A Night Tour With Terry
It was a very serious young gentleman, he looked around 9 years old in the dim light of the dome, who started it off by coming up and asking, what is on the other side of a black hole?
I had to answer, I really don’t know and I don’t think anyone really knows yet, there are too many unknown factors which aren’t helped by the fact that we can’t even see one but can only see the effect it has on everything nearby.
So a bit of digging was in order. What is a black hole and how does it function? One might ask Why is a black hole? what causes one? and then we hear that two black holes collided 1.4 billion light-years away and the resulting shock waves were able to be recorded on Earth as causing ripples in the structure of space-time which was followed a short time later by another ‘ripple’ that was also able to be recorded by the LIGO detector in the USA and the Virgo detector in Italy.
As far as we know so far a black hole arises when a star of mass ~10 times greater than our Sun runs out of fuel its gravity overcomes the outward pressure of the nuclear fusion reaction and crushes the molecules of the star to the point that they seem to disappear from our plane of existence to end up no one knows where beyond the event horizon, the ultimate point of no return from which nothing can ever escape. Steven Hawking maintains that black holes can have ‘hairs’ which arise from quantum coupled particles and antiparticles, one within the event horizon with the other outside so that one stays trapped but the other is free. These have opposite charges and usually cancel each other but in the case where one particle escapes it reduces the content of the event horizon so the black hole can ultimately decay, a process that is rejected under classical mechanics.
It now appears that matter flows into a black hole but energy also flies out, gravity, light, & matter that triggers star formation and redistributes heavy elements that contribute to star and planet formation.
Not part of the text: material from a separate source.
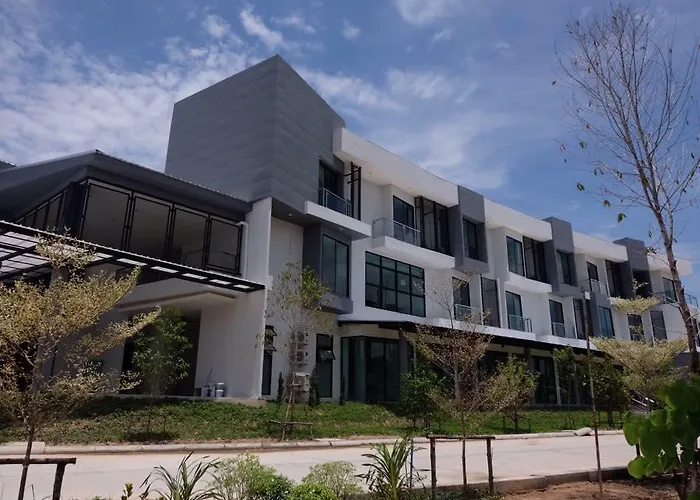 Hotel Chuan Chom The High Resort Saraburi - Sha Plus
Einstein’s equation of Energy = Mass * the speed of light squared results in a large amount of energy potential in a small mass of matter. A NASA/Goddard Space Flight Center scientist Richard Mushotsky considers that without black holes the universe would look very different to the way it is now.
However, he also considers that the angular momentum of the event horizon would limit the amount of matter that could be ingested with the rapid rotation throwing off all but very persistent and high-speed molecules. Matter whipping around the event horizon of the black hole would tend to be thrown outwards by the centrifugal force and contribute to driving away from the surrounding gas and so limit the size of the black hole itself. This changes when they collide.
The team using the ALMA telescope has seen massive gas clouds approaching the Abell 2597 galaxy cluster supermassive black hole at a speed of one million km per hour, each cloud containing as much material as a million Suns and tens of light-years in size. The gas clouds are drawn from hot intergalactic gas in the galaxy which cools rapidly, condenses and precipitates much as hot air can precipitate as rain clouds here on Earth. This then helps star formation and feeds the supermassive black hole.
There is a wealth of further research on black holes but so far none of it has told us anything much about what is on the other side of a black hole. So –
Sorry young man, still can’t answer your question!